Didn't think 'illest' rhymed with 'syphilis'?

Published May 1, 2007

Lil Wayne calls himself the best rapper alive. Is the claim debatable? Of course.

But Wayne, during the past year or so, has made about as strong a case as anybody in contemporary rap.

At the least, he has the highest quantity of evidence in his favor. Last year alone saw him release two of the best rap albums of 2006: the grossly underrated Birdman-assisted Like Father, Like Son, and the torrential (and mixtape pinnacle) Dedication 2. Since his 2005 career-defining (and last solo studio album) Tha Carter II, Wayne has put out something to the tune of more than 20 official or unofficial mixtapes. (And that doesn't even include his featured slots on other artists' singles and or appearance on remixes.)

In short, Wayne is a workhorse in every sense of the term — and damn if it isn't refreshing. Here is a guy who's hit his prime in an era where it's more fashionable to use rap than to love it, but Wayne is truly married to the game. He's said before that he wouldn't rap if he couldn't make money, but don't buy that. He isn't making a dime off these mixtapes, but he pumps them out at an assembly line pace.

What's more impressive than the love for his craft is the fact that every mixtape remains increasingly listenable. The aforementioned Dedication 2 is better than 95 percent of actual albums released in the past two or three years. In December, he made the Lil Weezyana Vol. 1 tape available for free on his Web site. It seemed like a sure throwaway, but instead, it features some of Wayne's best work to date.

Consider that Wayne has recorded and released something like more than 500 verses within the past year and a half, and there truly isn't a bad or average one among them.

So expecting Da Drought 3 to be anything less than exceptional would be foolish, and of course, it is exceptional. On the tape's 25 or so tracks, Wayne does what he does best: jack other rappers and singers' beats and reclaim them as his own with jaw-breaking punchlines and a flow that twists, turns, tumbles and crashes like the Mississippi River.

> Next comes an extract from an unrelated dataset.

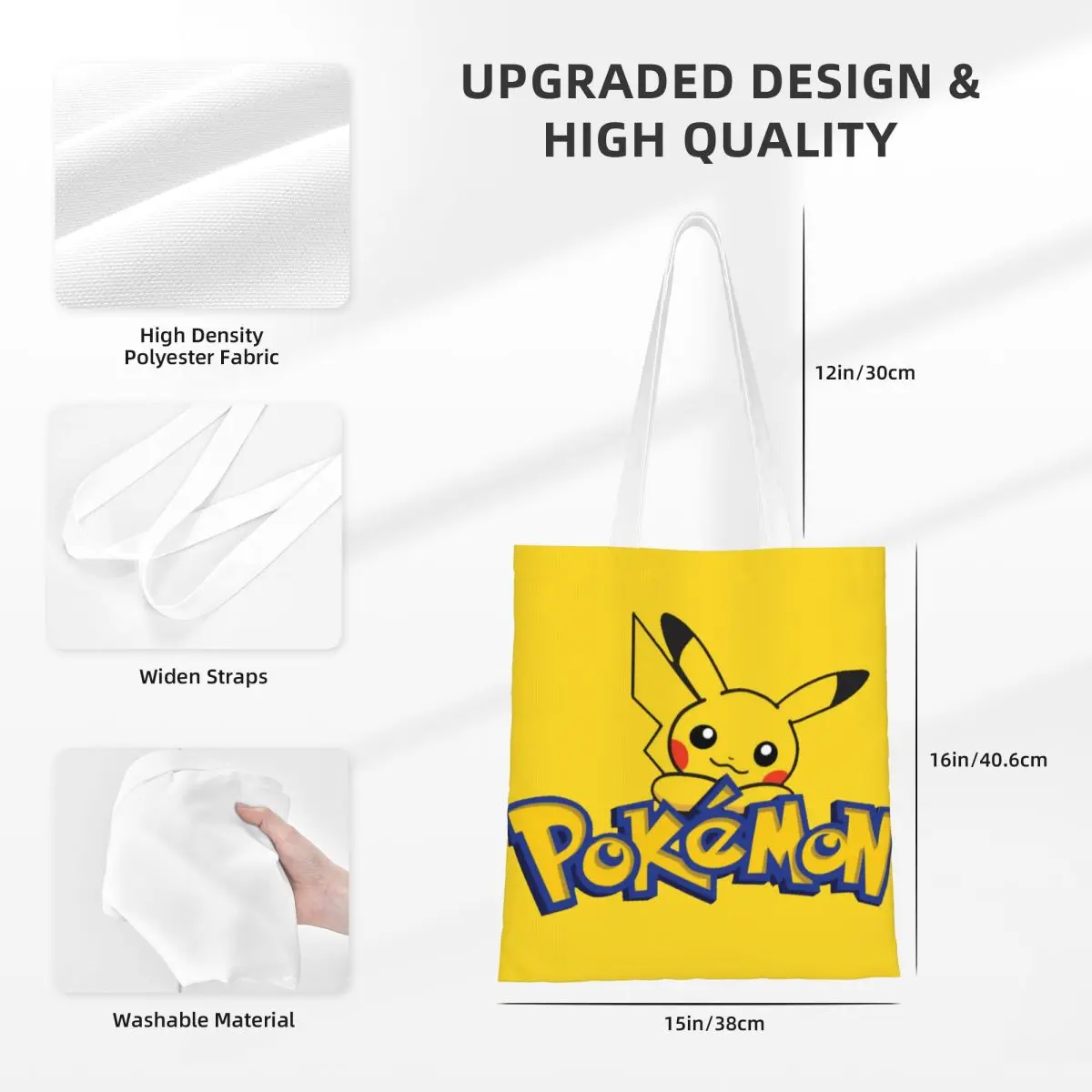 Custom Kawaii Printing Cartoon Animation Pokemon Pikachu Logo Shopping Tote Bags Reusable Canvas Shopper Shoulder Handbag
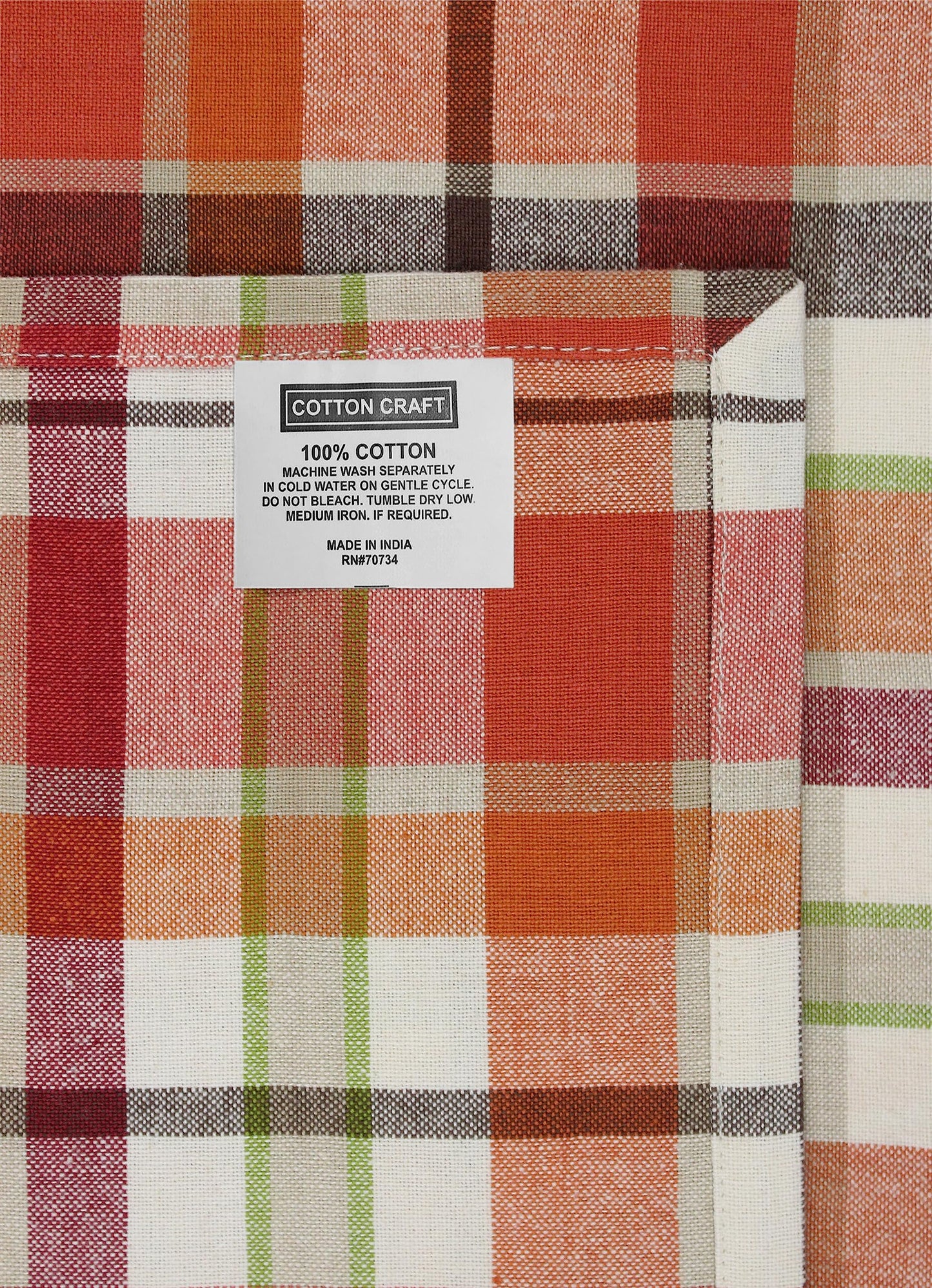 COTTON CRAFT Harvest Plaid Cloth Napkin - Set of 12 Pure Cotton Dinner Napkins - Everyday Fall Halloween Thanksgiving Holiday Party Table Napkin Gift - Reusable Napkin - 17x17 - Rust Orange Multi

What's more, Da Drought 3 is even more evidence that Wayne remains as one of the only rappers in the game that still consistently challenges his listeners. Didn't think "illest" rhymed with "syphilis"? Well when Wayne announces that his flow is "nasty as see-why-phillus," it not only now rhymes, but it's pure genius.

And this isn't nonconforming for the sake of nonconforming. After listening to Da Drought 3, it becomes apparent that his genius is stream of conscious or even subconscious. Its almost as if Wayne's person is merely a mouthpiece for Wayne's uncontrollable brain, but to only say that Da Drought 3 is "cerebral" would be a crime.

It's cerebral, yes, but it's an artifact of a revolution brought on by one man who is displaying completely alien ways of addressing the mundane. For comparison, Juicy J says he's "on the scene, drinkin' lean." Wayne says: "A pint of that DJ Screw and that Hawaiian/ I am... leanin' like a three-legged lion."

Where you stand on old rap vs. new rap, or conscious rap vs. drug rap, or lyrics vs. flow, or the South vs. everybody else is completely irrelevant. Lil Wayne is not only the best rapper alive, but he's the best singular artist alive. And that, kids, is not hyperbole.